• _About this exercise_:
All records, minus the pictures: write them out exactly.

Crawled caption data:
┏━━
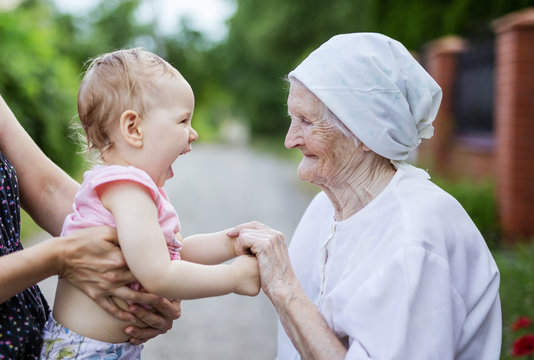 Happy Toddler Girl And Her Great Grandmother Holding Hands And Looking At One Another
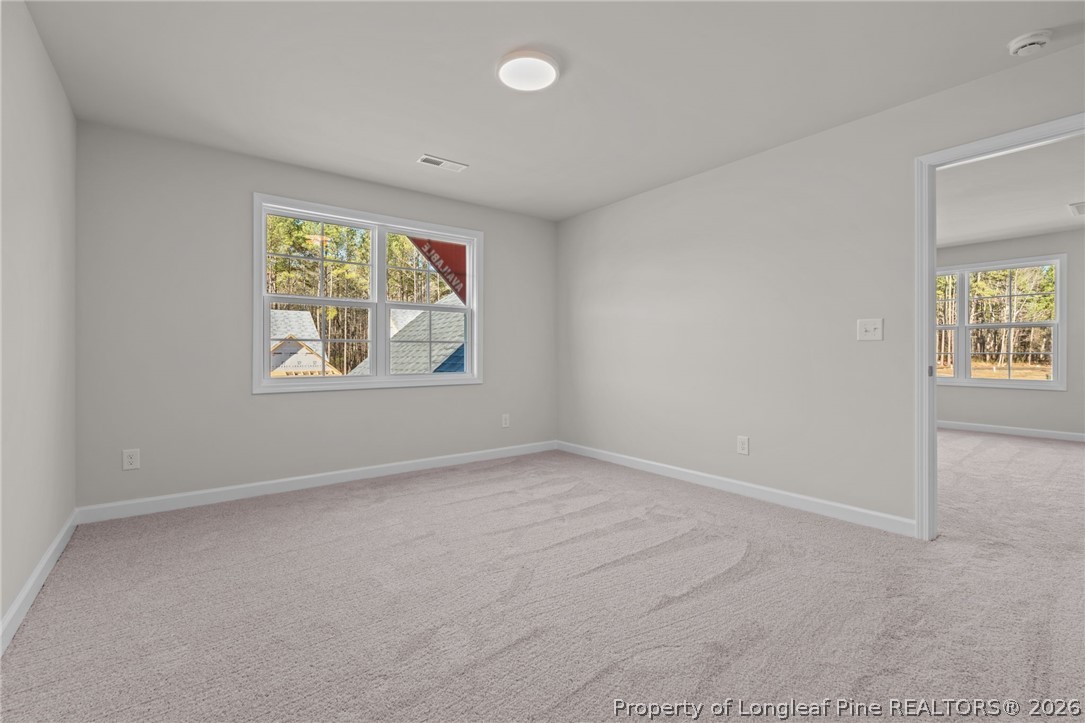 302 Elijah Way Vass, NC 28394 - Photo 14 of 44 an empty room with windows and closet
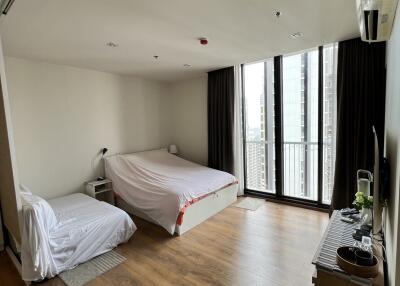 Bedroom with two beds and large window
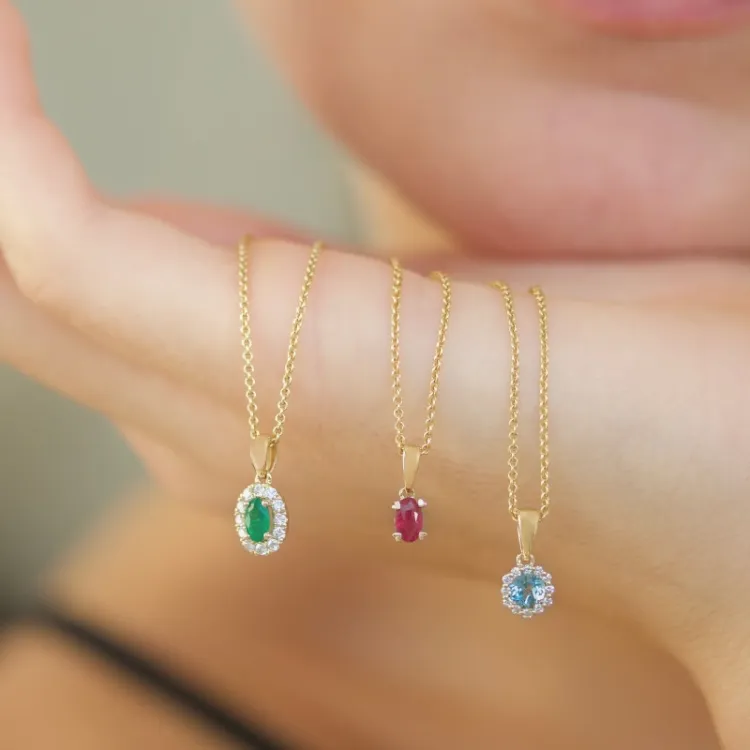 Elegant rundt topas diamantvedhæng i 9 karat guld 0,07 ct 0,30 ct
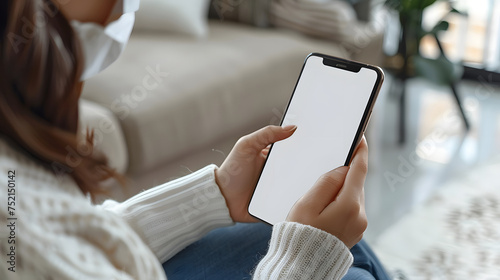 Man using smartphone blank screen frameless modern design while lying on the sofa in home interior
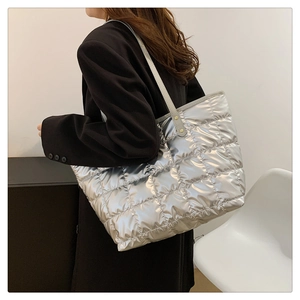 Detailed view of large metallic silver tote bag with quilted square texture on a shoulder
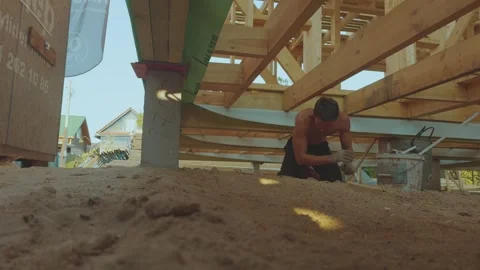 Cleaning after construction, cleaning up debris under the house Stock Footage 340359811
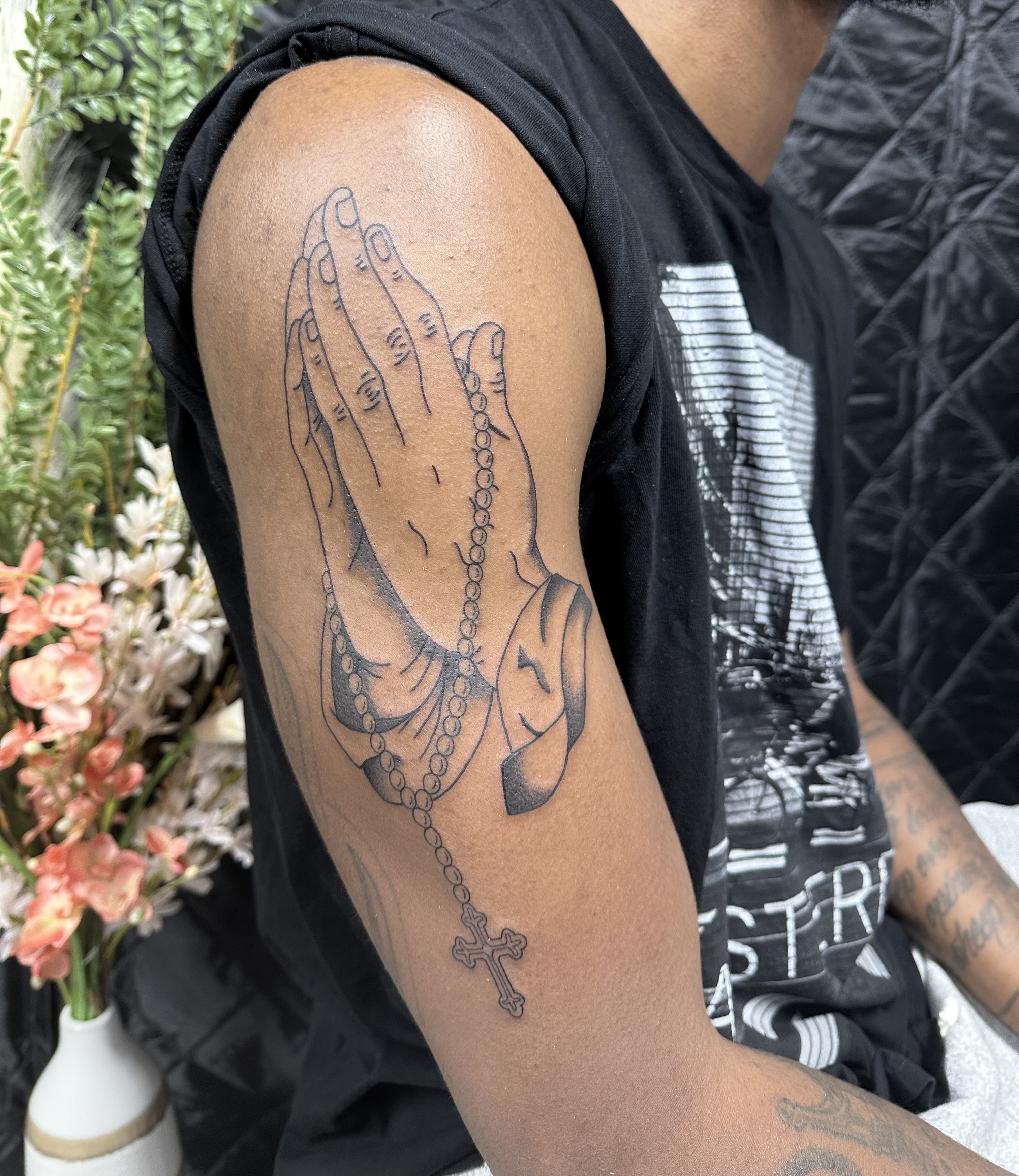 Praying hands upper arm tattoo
┗━━
• _Response area_:
 Happy Toddler Girl And Her Great Grandmother Holding Hands And Looking At One Another
 302 Elijah Way Vass, NC 28394 - Photo 14 of 44 an empty room with windows and closet
 Bedroom with two beds and large window
 Elegant rundt topas diamantvedhæng i 9 karat guld 0,07 ct 0,30 ct
 Man using smartphone blank screen frameless modern design while lying on the sofa in home interior
 Detailed view of large metallic silver tote bag with quilted square texture on a shoulder
 Cleaning after construction, cleaning up debris under the house Stock Footage 340359811
 Praying hands upper arm tattoo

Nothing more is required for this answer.